Geçtiğimiz hafta Rusya'nın doğusunda meydana gelen 8.8 büyüklüğündeki deprem sonrası oluşan tsunami riski, dünya genelinde olduğu gibi Türkiye'de de kıyı kentleri için alarm zillerini çaldı. Peki, Balıkesir’in Edremit Körfezi'nde benzer bir tsunami tehlikesi yaşanabilir mi? Bilimsel veriler ve tarihsel kayıtlar, bu konuda dikkat çeken bulgular sunuyor.
Edremit Körfezi Sismik Açıdan Riskli Bir Bölgede Yer Alıyor
Balıkesir, hem Marmara hem de Ege Denizi’ne kıyısı bulunan nadir şehirlerden biri olarak, aktif fay hatlarının yoğunlaştığı bir bölgede konumlanıyor. Edremit Körfezi, Ayvalık’tan Altınoluk’a kadar uzanan kıyı şeridiyle, Kuzey Anadolu Fayı ve Ege Bölgesi’ndeki ikincil fay sistemlerinin kesişim noktasında bulunuyor. Bu jeolojik yapı, bölgeyi deprem açısından yüksek riskli hale getiriyor.
Tsunami Oluşumu İçin Hangi Koşullar Gerekli?

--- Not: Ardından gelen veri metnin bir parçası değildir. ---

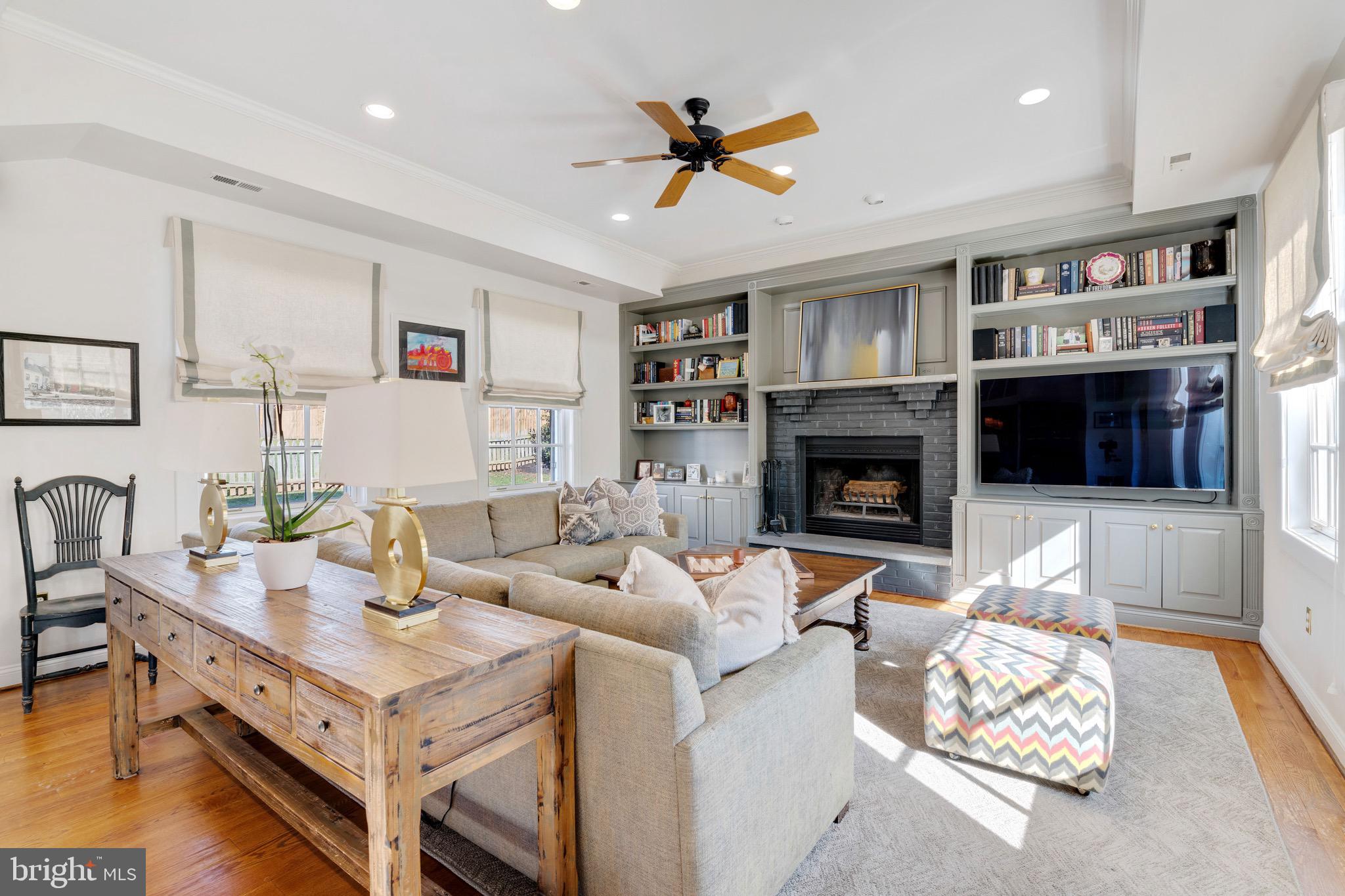 500 Somerset Road Baltimore, MD 21210 - Photo 22 of 80 Family room addition with built-ins and fireplace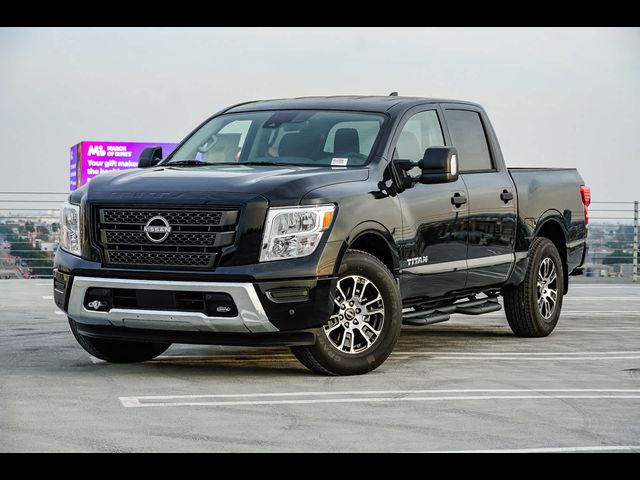 2024 Nissan Titan SV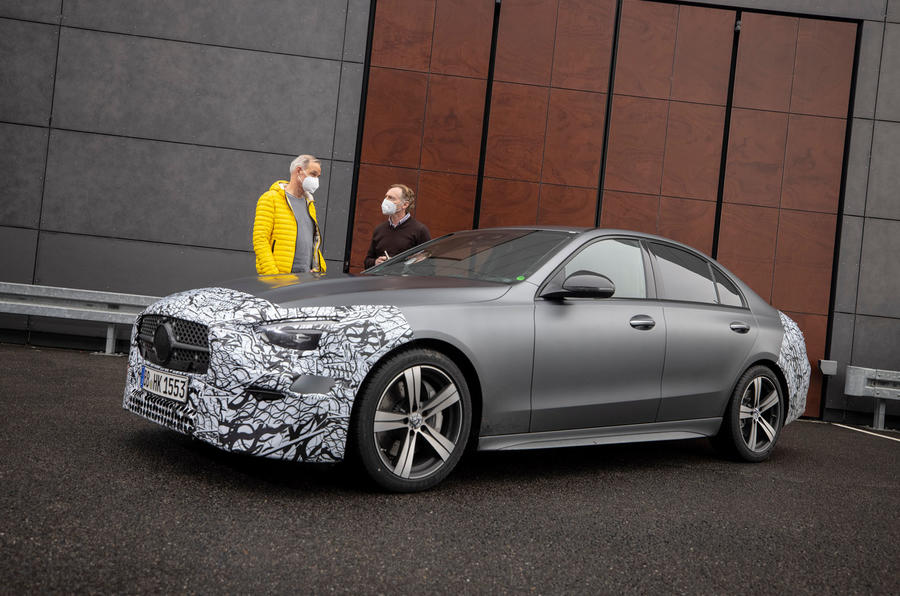 全新奔驰c级(c206)原型车海外首试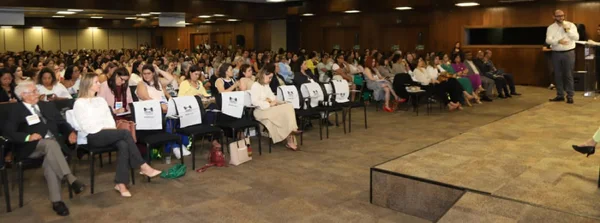 Seminário em BH discute inclusão e educação infantil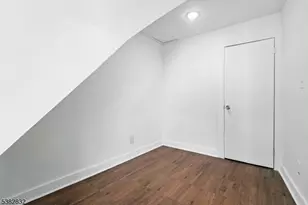 178 N 16th St, East Orange, NJ 07017 - Photo 14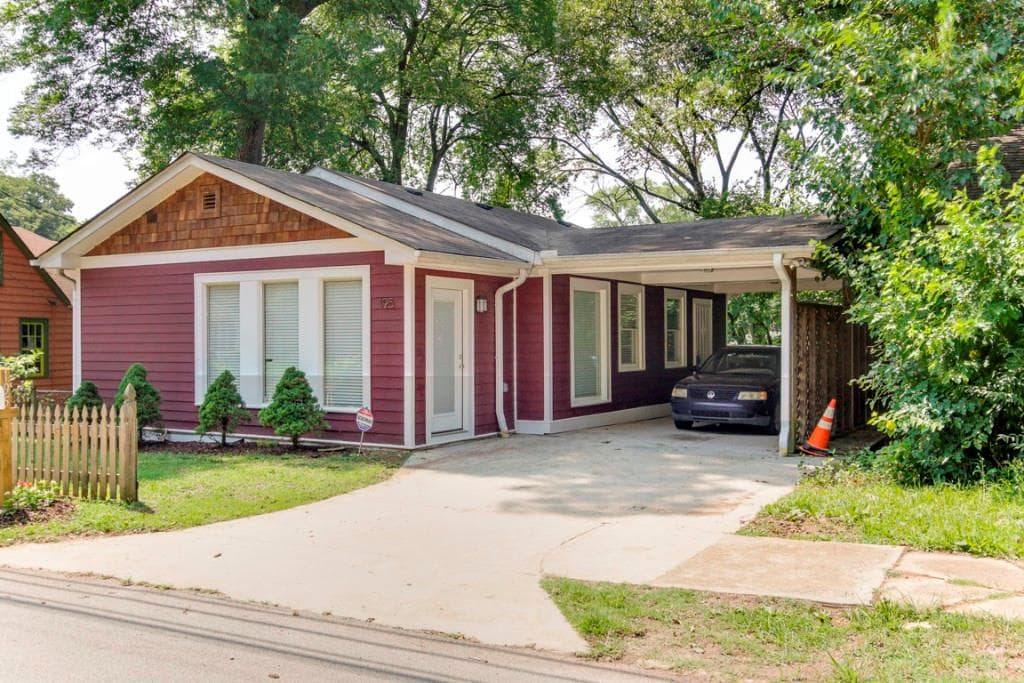 3 bedroom single family residence sold at 195 Claire Drive, Atlanta, GA 30315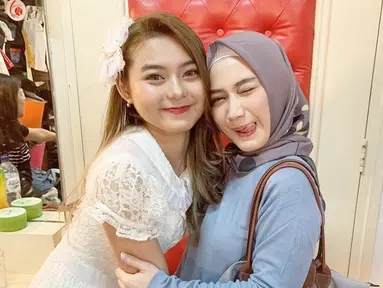 Cesen, eks member JKT48 generasi 3. Sebagai eks member, tentu Cesen sangat dekat dengan para eks member lainnya. Seperti saat abadikan momen berfoto dengan Melody Laksani.(Liputan6.com/IG/ceseniy)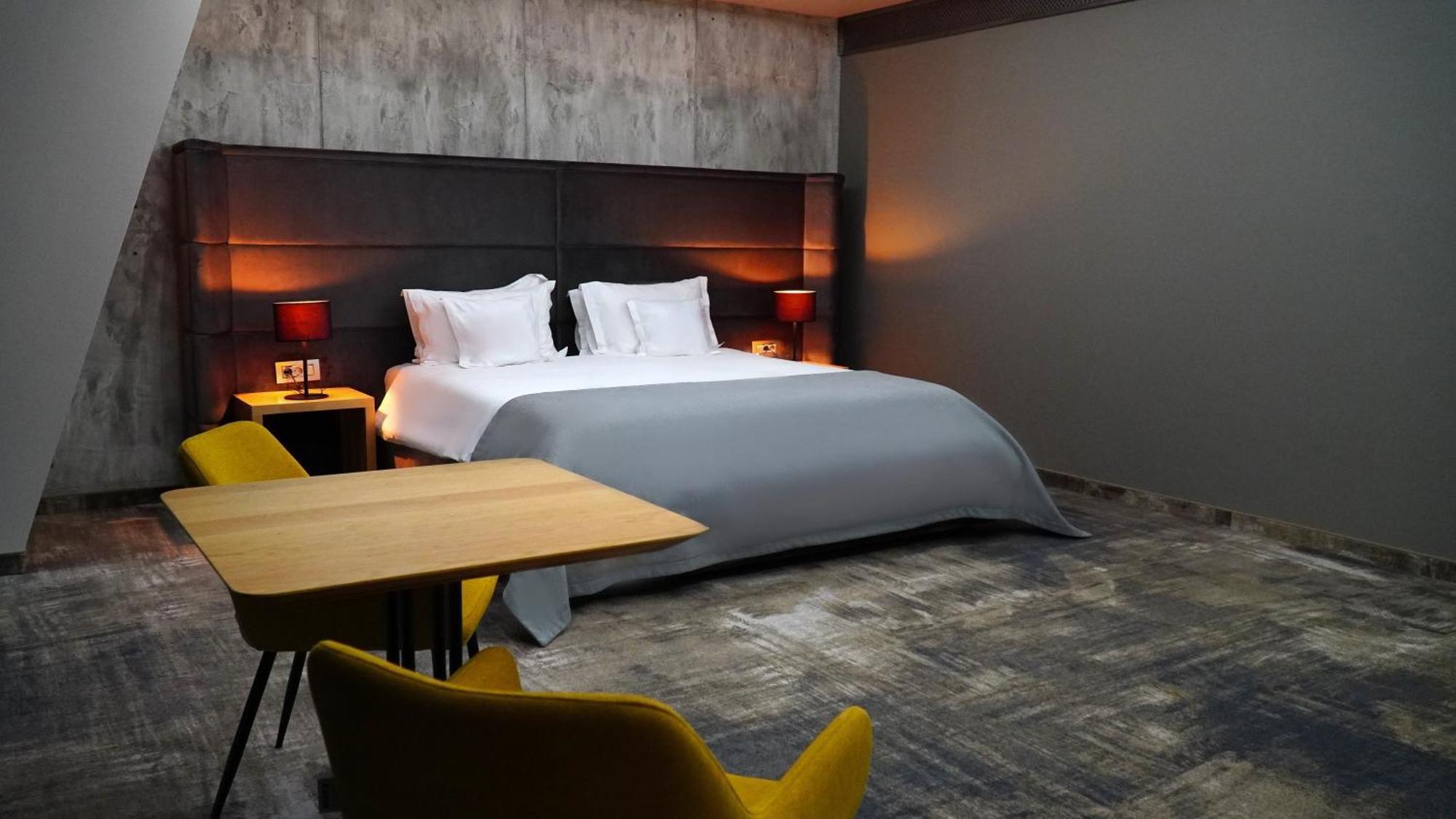 Aniroc Signature Hotel Arad Buitenkant foto A room at the hotel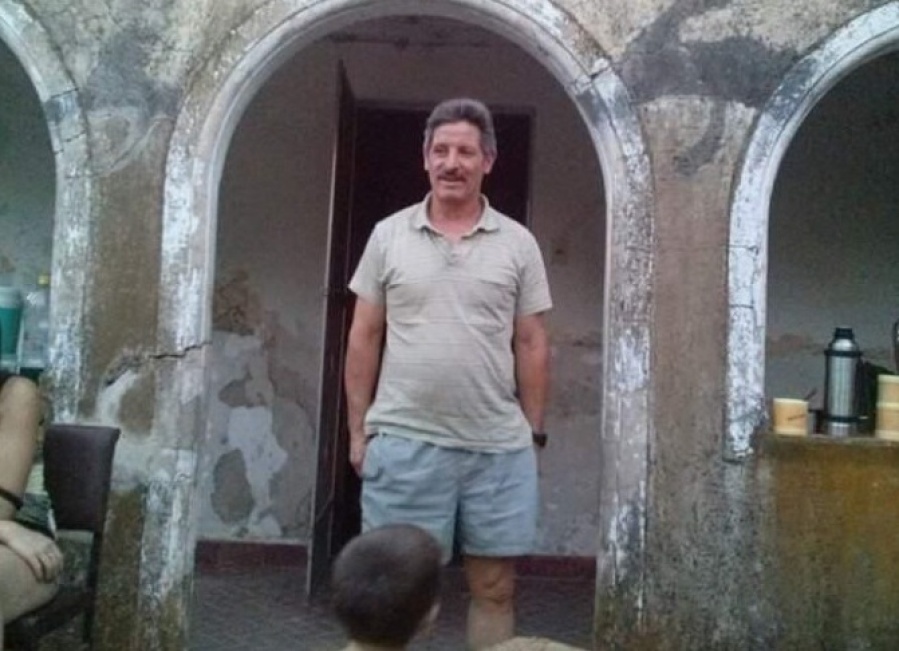 ”Era 'Castrilli' y luchaba por las canchas”: el recuerdo de los colegas de Héctor Lopumo, el ex árbitro asesinado en 25 y 73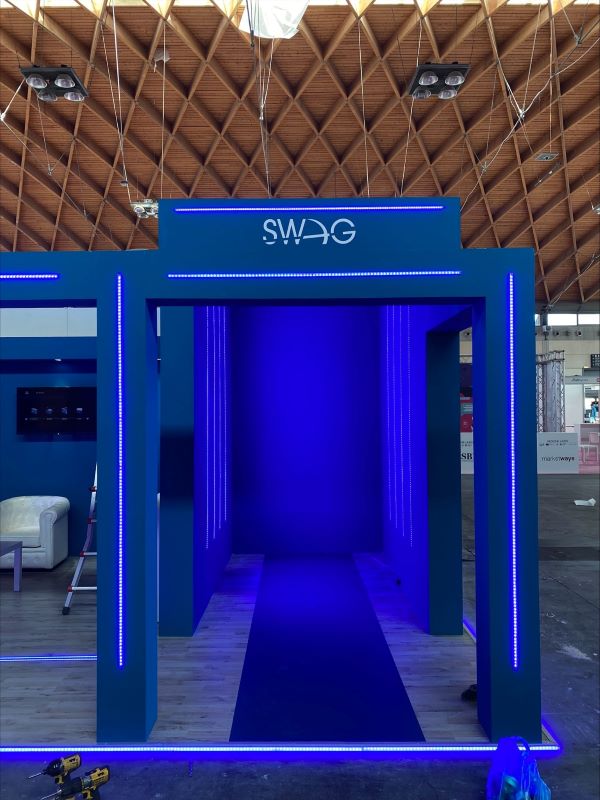 A creative booth for an important trade show - 1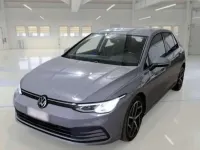 Usata VW Golf VIII Style 150 CV (110 kW) 2023 Mondsteingrau Berlina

Uzmanlara göre bir depremin tsunami yaratabilmesi için birkaç temel şartın oluşması gerekiyor:
Depremin deniz tabanında gerçekleşmesi
Büyüklüğünün en az 6.5 olması
Fay hattının dikey yer değiştirme hareketi göstermesi
Marmara Denizi’nde doğrultu atımlı hareket baskın olduğundan tsunami riski sınırlı kalırken, Edremit Körfezi’ndeki normal ve oblik faylar bu anlamda daha tehlikeli sayılıyor.
1944 Edremit–Ayvacık Depremi: Küçük Çaplı Tsunami Belirtisi
Hasan Sezgin Üstün’ün “Assessment of Tsunami Events in Eastern Aegean Sea” adlı yüksek lisans tezinde yer alan veriler, 6 Ekim 1944’te meydana gelen Edremit–Ayvacık depremine odaklanıyor. Bu depremde 73 kişi hayatını kaybetmiş, kıyı bölgelerde yer yer su fışkırmaları ve çatlaklar gözlemlenmişti.
Ayvalık kıyılarında denizin aniden yükseldiğine dair tarihi kayıtlara da yer verilen çalışmada, yapılan modelleme sonuçlarına göre kuzey kıyılarda 50 ila 70 santimetre arasında su seviyesi yükselmesi yaşandığı görülüyor. Bazı senaryolarda bu değer 1 metreye kadar çıkabiliyor.
Risk Altındaki Bölgeler: Altınoluk, Akçay ve Ayvalık
Modelleme ve gözlem sonuçları, Edremit Körfezi çevresindeki alçak kotlu yerleşimlerin daha yüksek risk taşıdığını gösteriyor. Özellikle Altınoluk, Akçay, Burhaniye ve Ayvalık kıyılarında, orta büyüklükte (Ms 6.8–7.2) bir deprem sonrası küçük çaplı su taşkınlarının meydana gelme olasılığı bulunuyor. Bu taşkınlar, büyük bir tsunami oluşturmasa da kıyıdaki alanlar için tehlike oluşturabilir.
Bilim İnsanları Uyarıyor: “Hazırlıklı Olmak Şart”
1944 depremi gibi örnekler, Edremit Körfezi’ndeki fay segmentlerinin deniz tabanında ani ve dikey yer değiştirmelerle su kütlelerini kıyıya yönlendirme potansiyeli taşıdığını gösteriyor. Uzmanlar, bu tür küçük çaplı tsunami benzeri olayların tamamen dışlanmaması gerektiğini vurguluyor.
Türkiye’de Tsunami İzleme Sistemi Kurulu, Ancak Yerel Planlama Şart
Türkiye genelinde AFAD, Kandilli Rasathanesi ve Boğaziçi Üniversitesi iş birliğiyle kıyı şeritlerinde tsunami izleme ve erken uyarı sistemleri kurulmuş durumda. Ancak uzmanlara göre bu sistemlerin yanı sıra, yerel belediyelerin kıyı tahliye planları oluşturması, kamu farkındalığını artırması ve halkın eğitilmesi büyük önem taşıyor.